Druid processes event data, each piece of data carries a timestamp, can be partitioned by time. Above specifies partition granularity as day, so data for each day is stored and queried separately.


Segment Internal Storage

  • Druid uses columnar storage, each column’s data is stored in independent structure
  • Segment data types mainly divided into three:
  • Type1 Timestamp: Each row must have a TimeStamp, Druid always shards based on event timestamp
  • Type2 Dimension column: Used for filter or GROUP BY, usually String, Float, Double, Int types
  • Type3 Metric column: Used for aggregation calculation, specified aggregation functions sum, average, etc.

After MiddleManager node receives Ingestion task, starts creating Segment:

  • Convert to columnar storage format
  • Use bitmap to build indexes (build index for all dimension columns)
  • Use various compression algorithms
  • Algorithm1: All use LZ4 compression
  • Algorithm2: All strings use dictionary encoding, to minimize storage
  • Algorithm3: Use bitmap compression for bitmap indexes

After Segment creation complete, Segment file is immutable, written to deep storage (to prevent Segment loss after MiddleManager node crashes). Then Segment loaded to Historical node, Historical node can load directly into memory.

Also, Metadata store records this newly created Segment’s information: structure, size, deep storage location, etc.

Coordinator node needs this metadata to coordinate data lookup.


Indexing Service

Indexing service is service for data ingestion and creating Segment data files.

Indexing service is a highly available distributed service, using master-slave structure as architecture pattern.
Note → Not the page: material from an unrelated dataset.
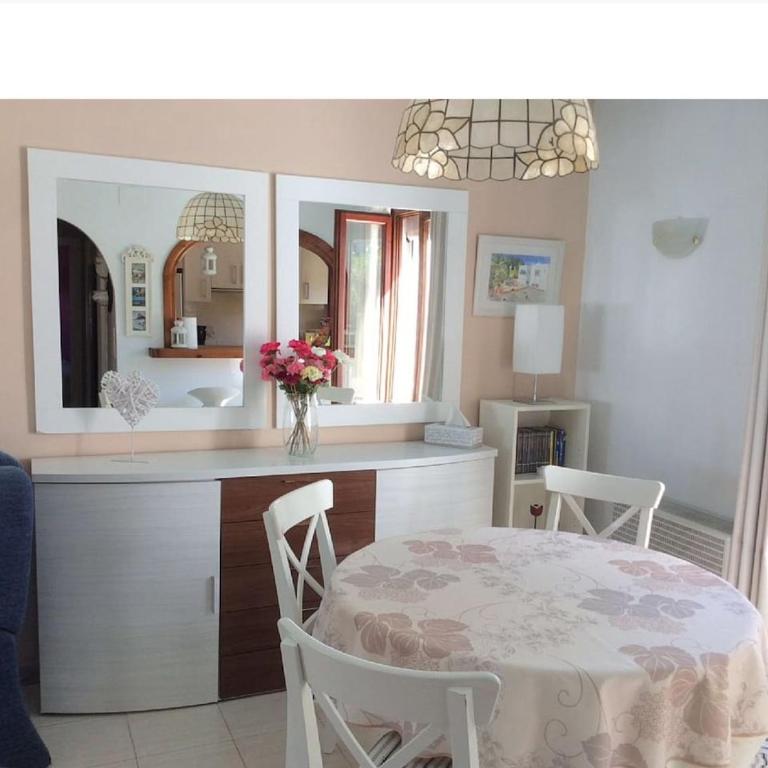 Villa totalmente independiente con piscina comunitaria - Villa con vistas al jardín - 23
Indexing service consists of three components:

  • Overlord as master node
  • MiddleManager as slave node
  • Peon for running a Task

Service Components

Overlord Component

Responsible for creating Tasks, distributing Tasks to MiddleManager to run, creating locks for Tasks and tracking Task running status, providing feedback to users.

MiddleManager Component

As slave node, responsible for receiving tasks assigned by master node, then starting an independent JVM process for each Task to complete specific tasks.

Peon (Worker) Component

A process started by MiddleManager for running one Task.

Comparison with YARN

  • Overlord similar to ResourceManager, responsible for cluster resource management and task allocation
  • MiddleManager similar to NodeManager, responsible for receiving tasks and managing node resources
  • Peon similar to Container, executing specific tasks on nodes

Task Types

  • index hadoop task: Hadoop indexing task, uses Hadoop cluster to execute MapReduce tasks to complete Segment data file creation, suitable for creating Segment data files with large volume
  • index kafka task: For Kafka data real-time ingestion, can configure a KafkaSupervisor on Overlord, complete Kafka data ingestion by managing Kafka indexing task creation and lifecycle
  • merge task: Merge indexing task, merges multiple Segment data files into one Segment data file with specified aggregation method
  • kill task: Destroy indexing task, deletes data within execution time range from Druid cluster’s deep storage

Druid High-Performance Query Mechanism

Druid achieves low-latency, high-performance queries, mainly depending on five key technical points:

1. Data Pre-aggregation

Druid performs pre-aggregation during data ingestion stage, significantly reducing data volume to process at query time. System supports multiple aggregation methods:

  • Count
  • Sum
  • Max
  • Min
  • Approximate cardinality (hyperloglog), etc.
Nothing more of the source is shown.